Your control(obs) only ever asks which way — left or right — and then turns as hard as it can. A turning body can't stop on a dime, so it sails past the heading it wanted, then slams back the other way, forever.
The fix is to also ask how much. Make the turn proportional to the error: turn = Kp * goal_bearing. Far off heading, big bearing, hard turn; nearly aligned, tiny bearing, gentle turn that glides in instead of snapping. That single multiply is the P in PID — react in proportion to how wrong you are, not just to the sign of it.
One more ease: as goal_dist shrinks, bleed off forward speed, so you arrive slow enough to actually settle inside the small pad instead of shooting through it.
▣ Stage animation: The CHALLENGE's weaving trail labeled 'bang-bang: always full turn'; the fixed +/- turn command morphs into turn = Kp * goal_bearing with an arrow that shrinks as the bearing closes; the trail straightens and the wheel mix (forward - turn, forward + turn) is annotated; forward speed fades as a goal_dist bar empties, and the rover kisses the 0.12 m pad and stops.
Build it up, step by step.
Step A (read it): the starter computes only the SIGN of obs['goal_bearing'] and turns full tilt — that is bang-bang, the source of the weave. Step B (make it proportional): replace the hard turn with turn = Kp * obs['goal_bearing'] (a known-good neighborhood for this pad is Kp around 1.2), then mix into wheels as (forward - turn, forward + turn). Step C (ease the throttle): set forward proportional to obs['goal_dist'], capped (e.g. forward = min(0.7, 0.9 * obs['goal_dist'])), so you slow into the tight pad instead of overshooting. Remember + goal_bearing means the goal is to your LEFT, so a positive turn must steer left.
How the Bench grades your run.
PASS WHEN On real MuJoCo physics, control(obs) eases the rover onto the goal pad and reaches within 0.12 m: the turn is proportional to goal_bearing (no weave) and forward speed bleeds off as goal_dist shrinks (no overshoot).

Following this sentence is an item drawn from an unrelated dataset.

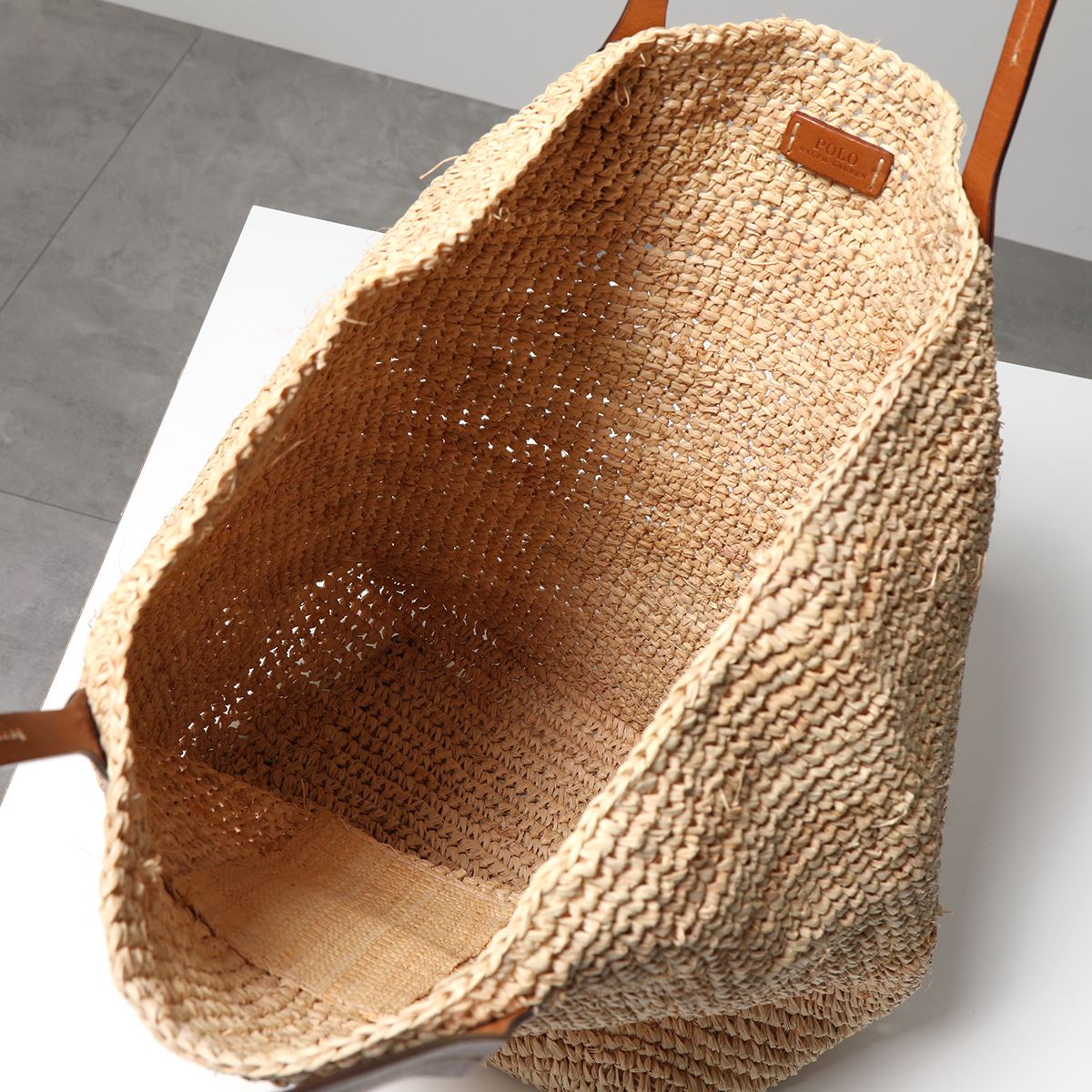 楽天市場】Polo Ralph Lauren ポロ ラルフローレン かごバッグ NS TOTE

- FAIL: closest approach never neared the pad — your steering sign is backwards. Positive goal_bearing means the goal is to your LEFT, so a positive turn must steer left; mix it as (forward - turn, forward + turn).
- FAIL: you weave across the pad and skate past — that is bang-bang. Replace the fixed +/-1 turn with turn = Kp * obs['goal_bearing'] (try Kp around 1.2) so the turn eases as the bearing closes.
- FAIL: closest approach is over 0.12 m — you arrive too fast and overshoot the tight pad. Ease the throttle: make forward proportional to obs['goal_dist'] (e.g. min(0.7, 0.9 * goal_dist)) so you slow into the pad.
Bring back what you've already mastered.
- From 2.1: your read_state feeds heading and goal_dist into this loop — if its estimate jitters, which term of a proportional turn gets noisy first? (The turn itself, since turn scales directly with the bearing error.)
- From 1.2: mark the line in the bang-bang starter that is purely reactive (sign-only) and rewrite it proportionally as turn = Kp * goal_bearing.
- Given a run that weaves across the pad with no steady offset, name the single change and direction. (It is bang-bang / Kp effectively infinite — make the turn proportional, lower the gain.)
What you must demonstrate to advance.
Drive the rover onto the goal pad within 0.12 m on real MuJoCo physics using a proportional control(obs): turn proportional to goal_bearing (no weave) and forward eased by goal_dist (no overshoot) — the P core of the DECIDE/ACT loop (L2).
How this feeds your build.
This proportional control(obs) is the DECIDE/ACT core of the capstone autonomy stack; the 2.3 FSM calls it per mode as a black box, Module 4 re-implements the same law in C on a timer interrupt, and Module 5 profiles it toward the metal.